(Given records begins)
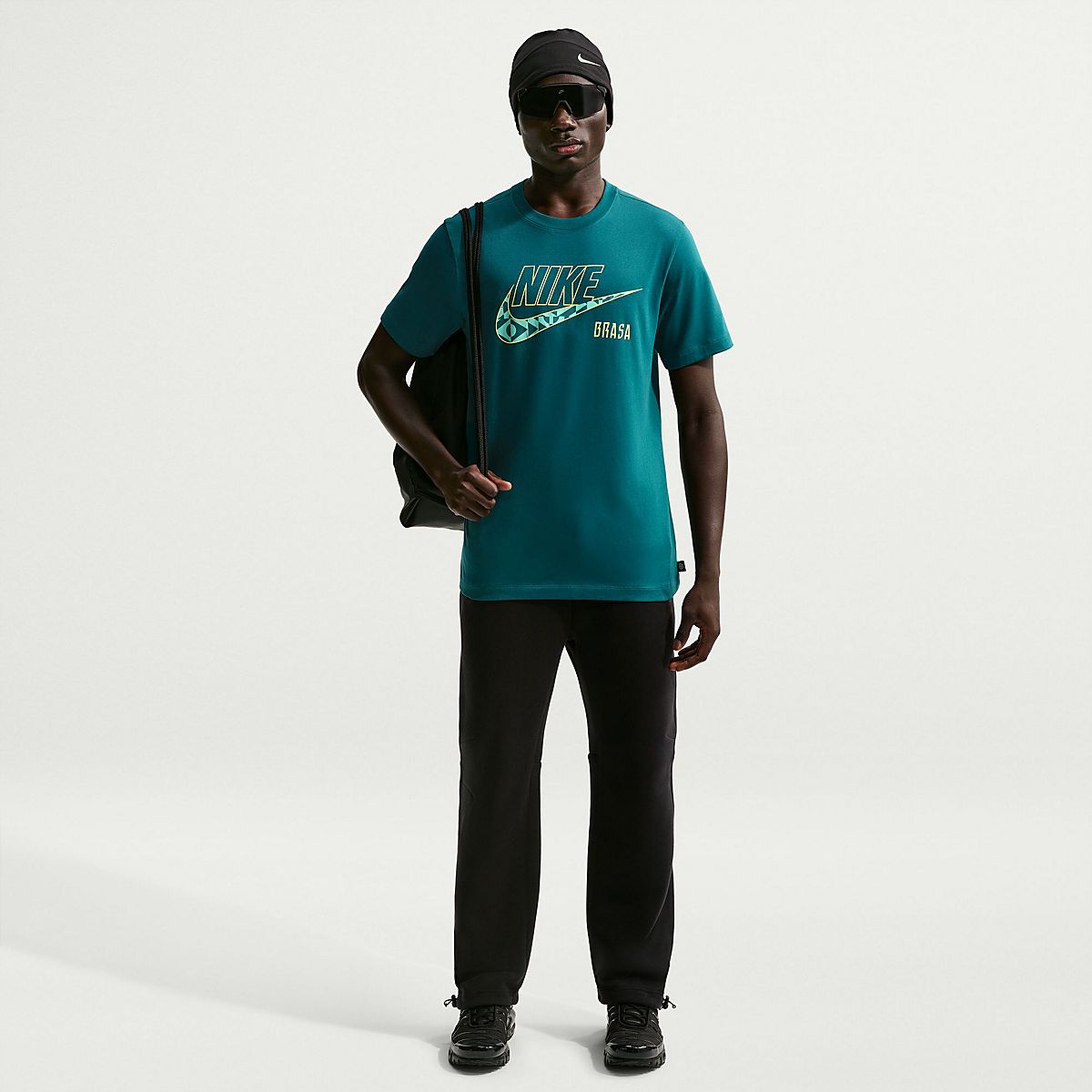 Nike Men's Brazil 2026 World Cup Futura T-Shirt | Academy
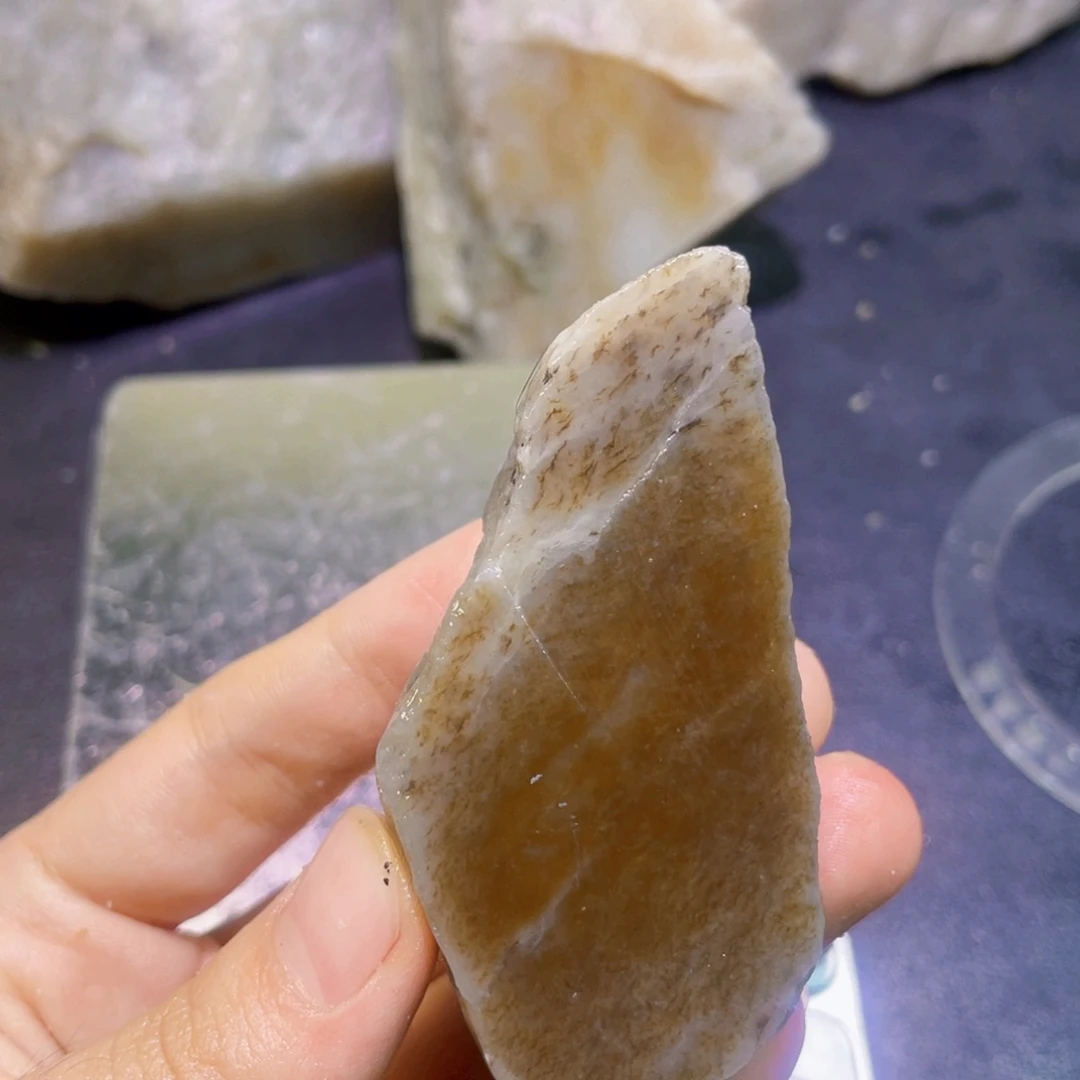 未镶嵌和田玉珠宝半成品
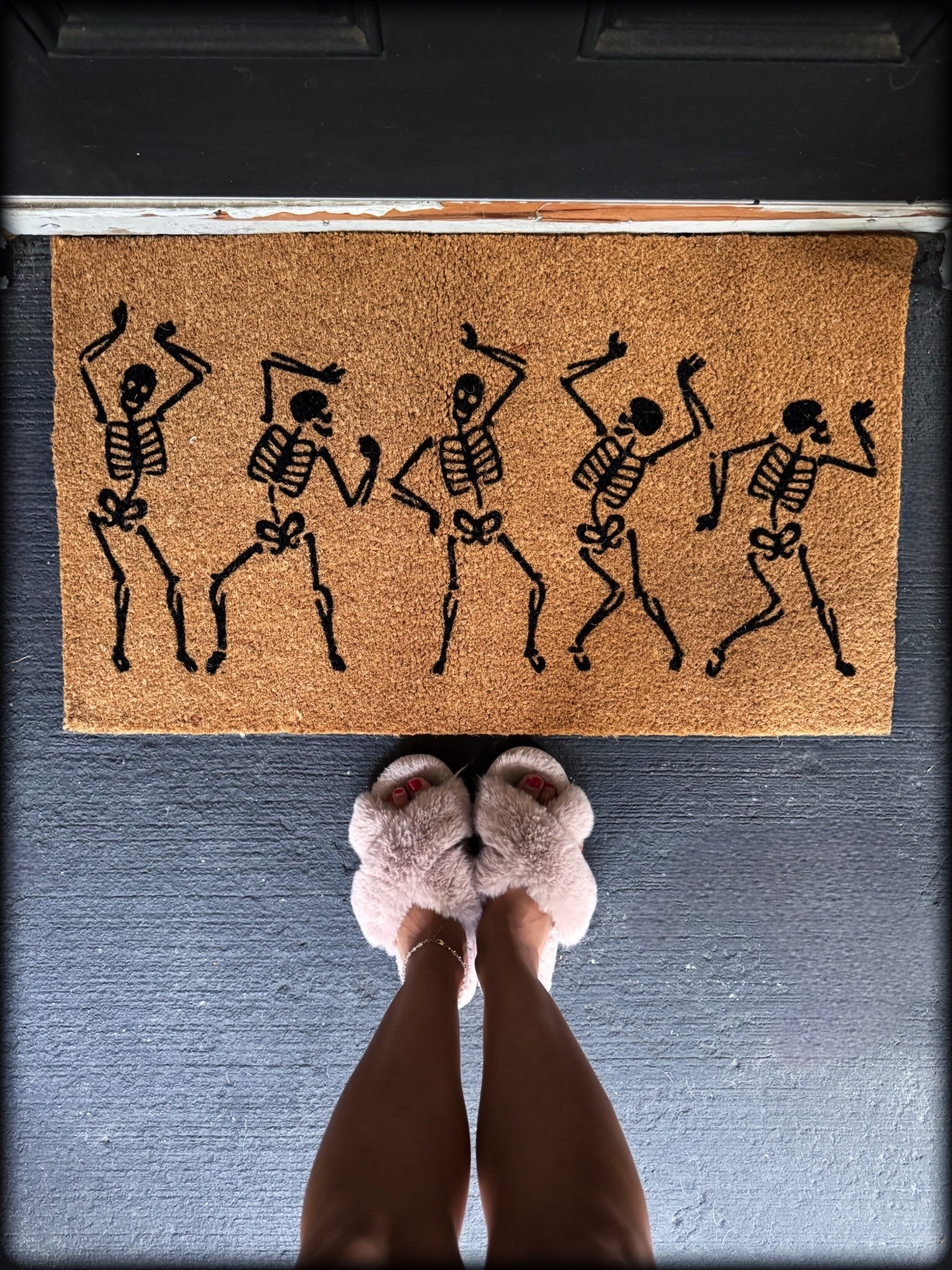 Adding a little spooky season charm right at the front door 👻🖤 I’m obsessed with this skeleton doormat—such a fun way to greet guests! The quality is so good—thick, sturdy, and feels like it’s going to hold up all season long (and then some). Perfect for those of us who love Halloween decor that’s actually practical too.

PS. Don’t judge me for my wreath being up🥰

#LTKSeasonal #LTKHome #LTKFindsUnder50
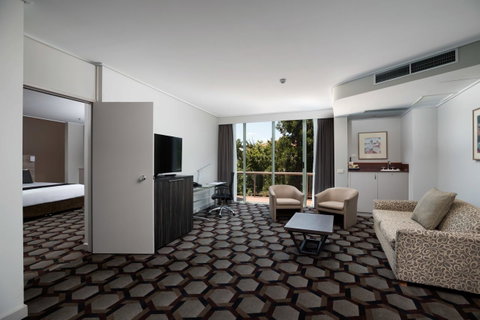 Rydges Canberra - Accommodation Main Beach 38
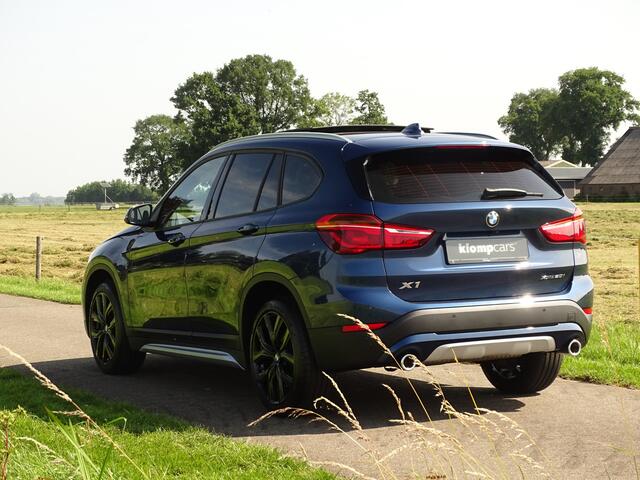 BMW X1 xDrive20i High Exe | Schuifdak | HUD | Elek.St. | Camera | Stuur+Stoel verwarming | Lane-ass | St.verw | X-line!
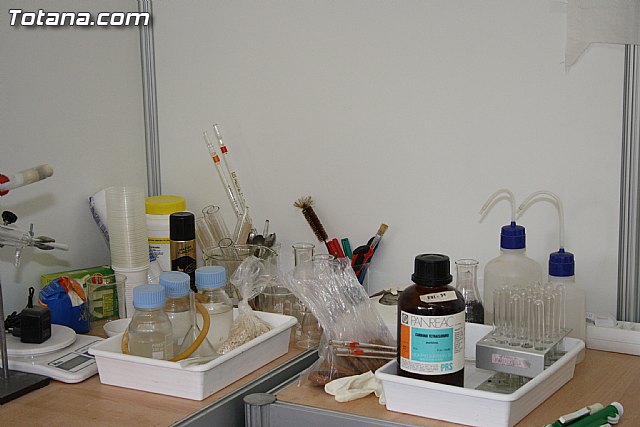 El IES Juan de la Cierva de Totana particip con un stand en la X Semana de la Ciencia y la Tecnologa de la Regin - 6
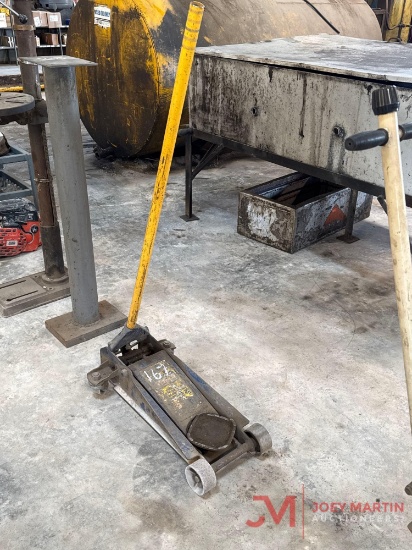 2 TON FLOOR JACK
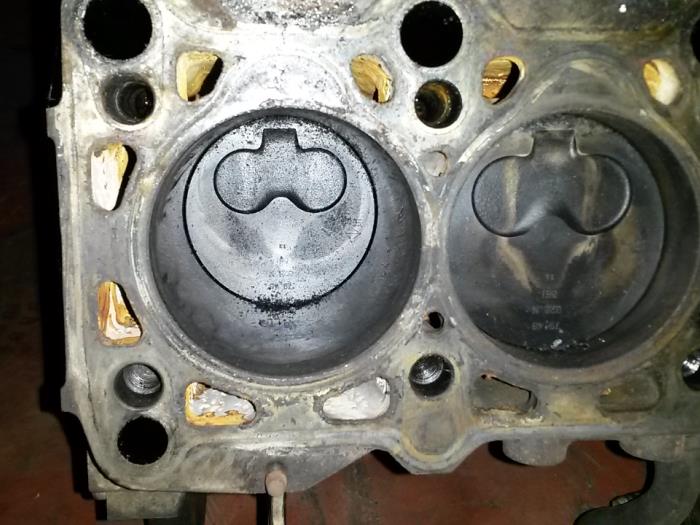 Usagé Piston Volkswagen Transporter/Caravelle T4 2.4 D Synro Prix sur demande proposé par N Kossen Autorecycling BV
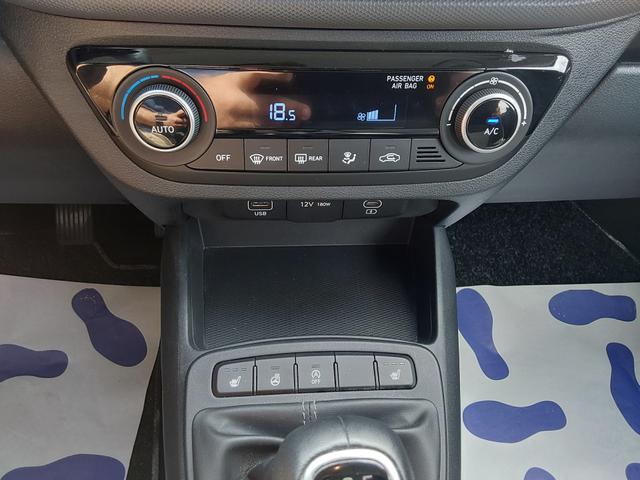 Hyundai i10 1.0 Select NAV/PDC/KAM/SHZ/Klimaauto/ 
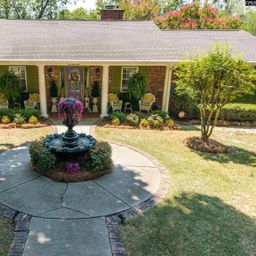 228 E Nottingham Road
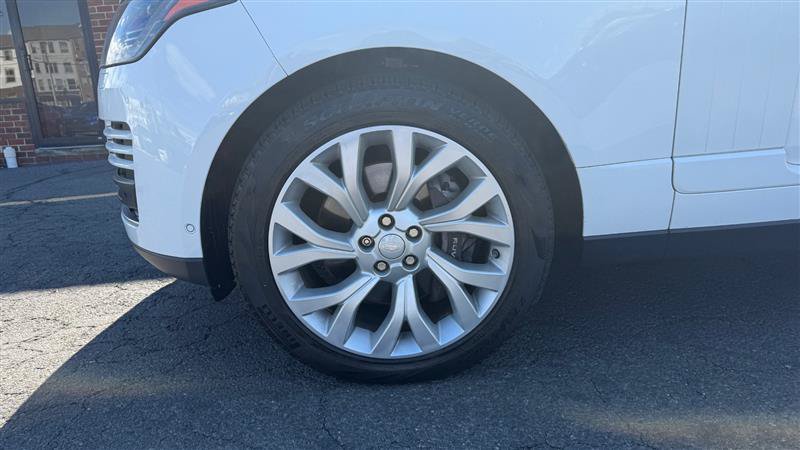 Used 2018 Land Rover Range Rover Supercharged AWD/4WD image 4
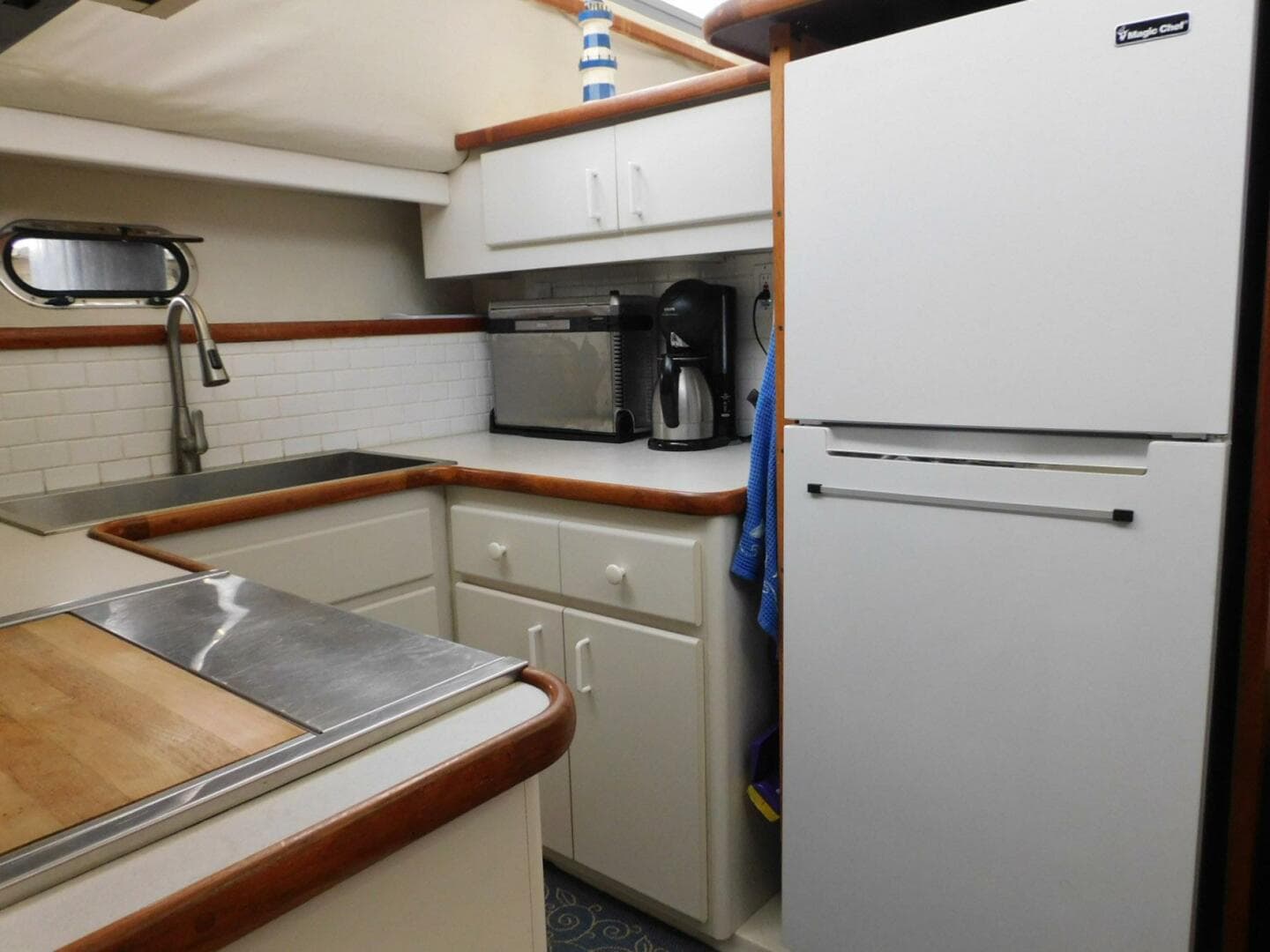 1993 Carver 445 Aft Cabin — photo 24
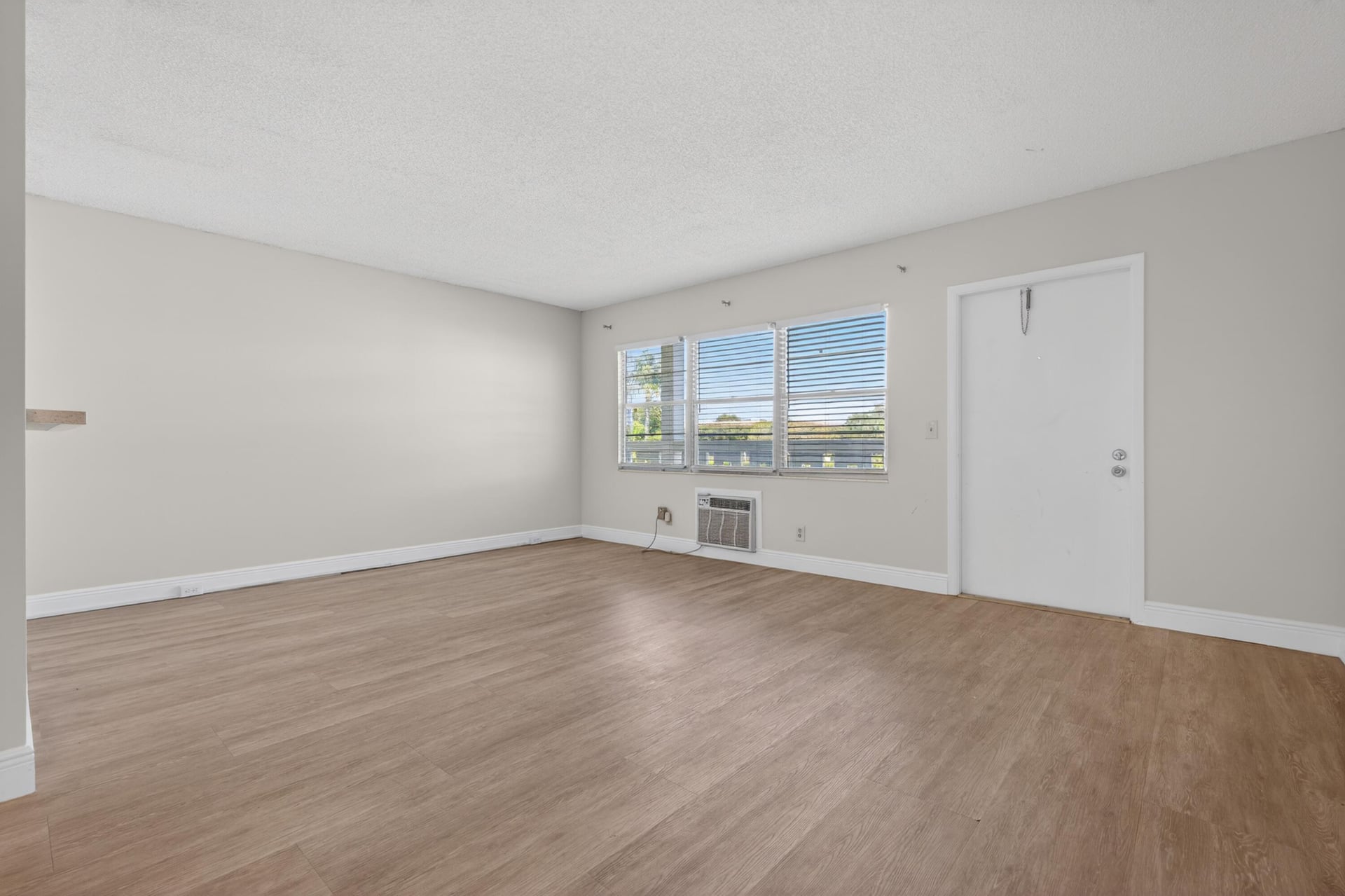  Residence photo 4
(Given records ends)
Task prompt:
Images stay out; everything else in the records must be given again exactly.

Output for this exercise:
 Nike Men's Brazil 2026 World Cup Futura T-Shirt | Academy
 未镶嵌和田玉珠宝半成品
 Adding a little spooky season charm right at the front door 👻🖤 I’m obsessed with this skeleton doormat—such a fun way to greet guests! The quality is so good—thick, sturdy, and feels like it’s going to hold up all season long (and then some). Perfect for those of us who love Halloween decor that’s actually practical too.

PS. Don’t judge me for my wreath being up🥰

#LTKSeasonal #LTKHome #LTKFindsUnder50
 Rydges Canberra - Accommodation Main Beach 38
 BMW X1 xDrive20i High Exe | Schuifdak | HUD | Elek.St. | Camera | Stuur+Stoel verwarming | Lane-ass | St.verw | X-line!
 El IES Juan de la Cierva de Totana particip con un stand en la X Semana de la Ciencia y la Tecnologa de la Regin - 6
 2 TON FLOOR JACK
 Usagé Piston Volkswagen Transporter/Caravelle T4 2.4 D Synro Prix sur demande proposé par N Kossen Autorecycling BV
 Hyundai i10 1.0 Select NAV/PDC/KAM/SHZ/Klimaauto/ 
 228 E Nottingham Road
 Used 2018 Land Rover Range Rover Supercharged AWD/4WD image 4
 1993 Carver 445 Aft Cabin — photo 24
  Residence photo 4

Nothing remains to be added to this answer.